Try it
In the copy, keep every line below as it is and leave out the pictures.

Supplied material
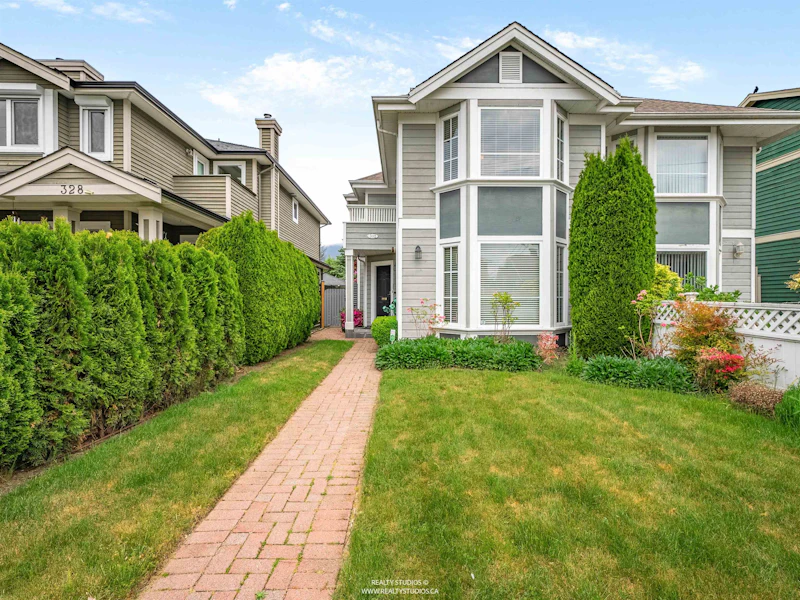 332 E 12th Street, North Vancouver BC V7L 2J9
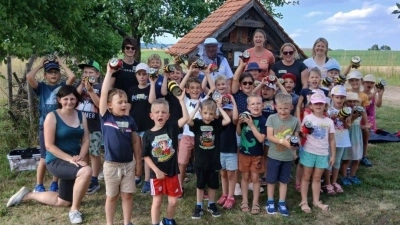 Die Kinder mit ihren gebastelten Insektenhotel (Bild: Barbara Dirrigl)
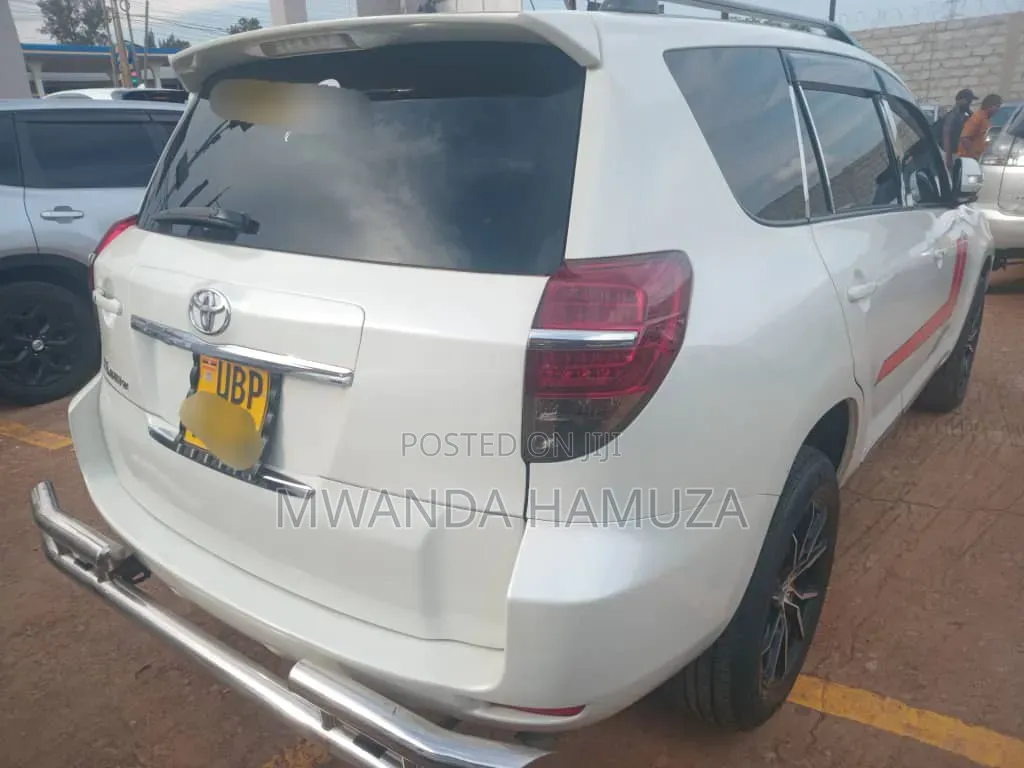Toyota Vanguard 2010 White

Written answer
 332 E 12th Street, North Vancouver BC V7L 2J9
 Die Kinder mit ihren gebastelten Insektenhotel (Bild: Barbara Dirrigl)
Toyota Vanguard 2010 White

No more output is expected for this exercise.